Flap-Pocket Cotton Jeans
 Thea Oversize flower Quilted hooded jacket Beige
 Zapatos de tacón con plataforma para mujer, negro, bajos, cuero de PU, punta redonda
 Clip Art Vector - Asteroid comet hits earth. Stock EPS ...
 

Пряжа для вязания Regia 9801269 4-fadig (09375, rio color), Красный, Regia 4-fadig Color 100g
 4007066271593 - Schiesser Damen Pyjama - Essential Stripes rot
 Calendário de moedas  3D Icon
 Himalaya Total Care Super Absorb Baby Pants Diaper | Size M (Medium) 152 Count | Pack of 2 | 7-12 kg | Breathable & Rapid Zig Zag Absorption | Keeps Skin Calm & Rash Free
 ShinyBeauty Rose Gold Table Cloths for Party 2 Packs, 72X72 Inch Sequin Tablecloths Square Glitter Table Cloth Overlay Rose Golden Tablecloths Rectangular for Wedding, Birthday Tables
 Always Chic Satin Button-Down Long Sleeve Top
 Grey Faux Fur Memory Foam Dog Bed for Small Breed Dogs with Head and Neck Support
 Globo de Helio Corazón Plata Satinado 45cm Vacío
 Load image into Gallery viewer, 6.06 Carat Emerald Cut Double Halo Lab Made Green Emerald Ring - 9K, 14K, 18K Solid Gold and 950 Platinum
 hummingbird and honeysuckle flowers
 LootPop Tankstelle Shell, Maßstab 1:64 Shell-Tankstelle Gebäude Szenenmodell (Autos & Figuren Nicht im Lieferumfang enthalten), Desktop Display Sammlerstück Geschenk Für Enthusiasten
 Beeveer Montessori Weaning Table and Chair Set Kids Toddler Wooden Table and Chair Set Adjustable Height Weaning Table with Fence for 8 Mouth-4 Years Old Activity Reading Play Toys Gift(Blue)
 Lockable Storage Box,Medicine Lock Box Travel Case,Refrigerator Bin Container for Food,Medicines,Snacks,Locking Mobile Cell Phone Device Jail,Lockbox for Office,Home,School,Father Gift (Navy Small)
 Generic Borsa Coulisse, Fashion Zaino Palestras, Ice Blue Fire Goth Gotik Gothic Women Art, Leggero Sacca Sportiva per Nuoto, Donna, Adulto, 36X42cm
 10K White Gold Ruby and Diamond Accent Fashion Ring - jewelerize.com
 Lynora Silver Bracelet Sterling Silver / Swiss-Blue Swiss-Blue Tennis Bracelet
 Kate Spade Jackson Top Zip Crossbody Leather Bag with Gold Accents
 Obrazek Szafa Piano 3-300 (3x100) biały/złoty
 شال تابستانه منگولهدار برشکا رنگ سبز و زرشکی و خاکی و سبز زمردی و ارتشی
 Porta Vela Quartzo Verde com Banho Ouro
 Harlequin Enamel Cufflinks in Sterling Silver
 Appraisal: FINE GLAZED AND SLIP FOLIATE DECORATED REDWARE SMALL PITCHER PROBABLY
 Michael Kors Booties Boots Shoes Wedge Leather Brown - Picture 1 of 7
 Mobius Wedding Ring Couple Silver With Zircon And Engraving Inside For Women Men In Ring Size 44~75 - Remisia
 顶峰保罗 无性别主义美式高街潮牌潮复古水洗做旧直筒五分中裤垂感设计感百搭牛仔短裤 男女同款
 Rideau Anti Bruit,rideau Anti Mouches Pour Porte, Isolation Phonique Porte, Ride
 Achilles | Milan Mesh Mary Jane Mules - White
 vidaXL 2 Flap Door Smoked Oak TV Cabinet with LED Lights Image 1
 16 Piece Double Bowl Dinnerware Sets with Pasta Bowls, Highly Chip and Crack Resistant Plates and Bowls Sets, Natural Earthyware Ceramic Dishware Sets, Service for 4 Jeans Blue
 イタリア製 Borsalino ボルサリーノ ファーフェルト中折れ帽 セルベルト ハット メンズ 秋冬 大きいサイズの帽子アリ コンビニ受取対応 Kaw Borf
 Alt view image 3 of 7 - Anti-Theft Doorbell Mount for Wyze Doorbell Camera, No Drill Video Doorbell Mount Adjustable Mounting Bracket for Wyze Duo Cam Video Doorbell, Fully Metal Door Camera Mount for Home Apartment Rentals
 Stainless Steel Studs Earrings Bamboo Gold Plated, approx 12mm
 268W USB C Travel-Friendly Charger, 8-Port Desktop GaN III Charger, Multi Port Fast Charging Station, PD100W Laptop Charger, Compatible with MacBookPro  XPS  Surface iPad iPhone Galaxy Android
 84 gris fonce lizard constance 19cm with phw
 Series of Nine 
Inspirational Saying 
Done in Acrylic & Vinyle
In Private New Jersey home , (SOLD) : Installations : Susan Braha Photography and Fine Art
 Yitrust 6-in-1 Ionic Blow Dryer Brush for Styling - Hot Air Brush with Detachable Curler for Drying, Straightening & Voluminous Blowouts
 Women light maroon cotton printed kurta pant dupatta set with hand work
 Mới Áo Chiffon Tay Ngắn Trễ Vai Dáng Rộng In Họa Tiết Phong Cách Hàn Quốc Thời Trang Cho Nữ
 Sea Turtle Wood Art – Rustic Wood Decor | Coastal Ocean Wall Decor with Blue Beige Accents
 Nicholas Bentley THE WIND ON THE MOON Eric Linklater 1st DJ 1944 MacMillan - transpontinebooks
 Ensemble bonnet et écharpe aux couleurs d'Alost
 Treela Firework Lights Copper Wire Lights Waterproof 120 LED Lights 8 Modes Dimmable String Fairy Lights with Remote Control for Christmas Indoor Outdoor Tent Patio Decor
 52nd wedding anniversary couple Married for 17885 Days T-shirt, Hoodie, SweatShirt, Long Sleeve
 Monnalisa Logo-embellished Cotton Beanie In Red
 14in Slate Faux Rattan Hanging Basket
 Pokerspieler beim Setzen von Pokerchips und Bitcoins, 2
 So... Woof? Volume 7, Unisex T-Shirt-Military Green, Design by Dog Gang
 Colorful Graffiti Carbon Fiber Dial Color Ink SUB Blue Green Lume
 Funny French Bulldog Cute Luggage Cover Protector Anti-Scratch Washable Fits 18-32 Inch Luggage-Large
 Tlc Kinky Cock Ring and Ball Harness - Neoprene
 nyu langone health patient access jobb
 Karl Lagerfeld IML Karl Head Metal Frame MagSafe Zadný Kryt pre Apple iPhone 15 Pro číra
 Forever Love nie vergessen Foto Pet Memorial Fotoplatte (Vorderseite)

==*==

What is needed: Please reply with an exact copy of the lines above, starting at the first and ending at the line that holds "Lynora Silver Bracelet".

Answer space:
Flap-Pocket Cotton Jeans
 Thea Oversize flower Quilted hooded jacket Beige
 Zapatos de tacón con plataforma para mujer, negro, bajos, cuero de PU, punta redonda
 Clip Art Vector - Asteroid comet hits earth. Stock EPS ...
 

Пряжа для вязания Regia 9801269 4-fadig (09375, rio color), Красный, Regia 4-fadig Color 100g
 4007066271593 - Schiesser Damen Pyjama - Essential Stripes rot
 Calendário de moedas  3D Icon
 Himalaya Total Care Super Absorb Baby Pants Diaper | Size M (Medium) 152 Count | Pack of 2 | 7-12 kg | Breathable & Rapid Zig Zag Absorption | Keeps Skin Calm & Rash Free
 ShinyBeauty Rose Gold Table Cloths for Party 2 Packs, 72X72 Inch Sequin Tablecloths Square Glitter Table Cloth Overlay Rose Golden Tablecloths Rectangular for Wedding, Birthday Tables
 Always Chic Satin Button-Down Long Sleeve Top
 Grey Faux Fur Memory Foam Dog Bed for Small Breed Dogs with Head and Neck Support
 Globo de Helio Corazón Plata Satinado 45cm Vacío
 Load image into Gallery viewer, 6.06 Carat Emerald Cut Double Halo Lab Made Green Emerald Ring - 9K, 14K, 18K Solid Gold and 950 Platinum
 hummingbird and honeysuckle flowers
 LootPop Tankstelle Shell, Maßstab 1:64 Shell-Tankstelle Gebäude Szenenmodell (Autos & Figuren Nicht im Lieferumfang enthalten), Desktop Display Sammlerstück Geschenk Für Enthusiasten
 Beeveer Montessori Weaning Table and Chair Set Kids Toddler Wooden Table and Chair Set Adjustable Height Weaning Table with Fence for 8 Mouth-4 Years Old Activity Reading Play Toys Gift(Blue)
 Lockable Storage Box,Medicine Lock Box Travel Case,Refrigerator Bin Container for Food,Medicines,Snacks,Locking Mobile Cell Phone Device Jail,Lockbox for Office,Home,School,Father Gift (Navy Small)
 Generic Borsa Coulisse, Fashion Zaino Palestras, Ice Blue Fire Goth Gotik Gothic Women Art, Leggero Sacca Sportiva per Nuoto, Donna, Adulto, 36X42cm
 10K White Gold Ruby and Diamond Accent Fashion Ring - jewelerize.com
 Lynora Silver Bracelet Sterling Silver / Swiss-Blue Swiss-Blue Tennis Bracelet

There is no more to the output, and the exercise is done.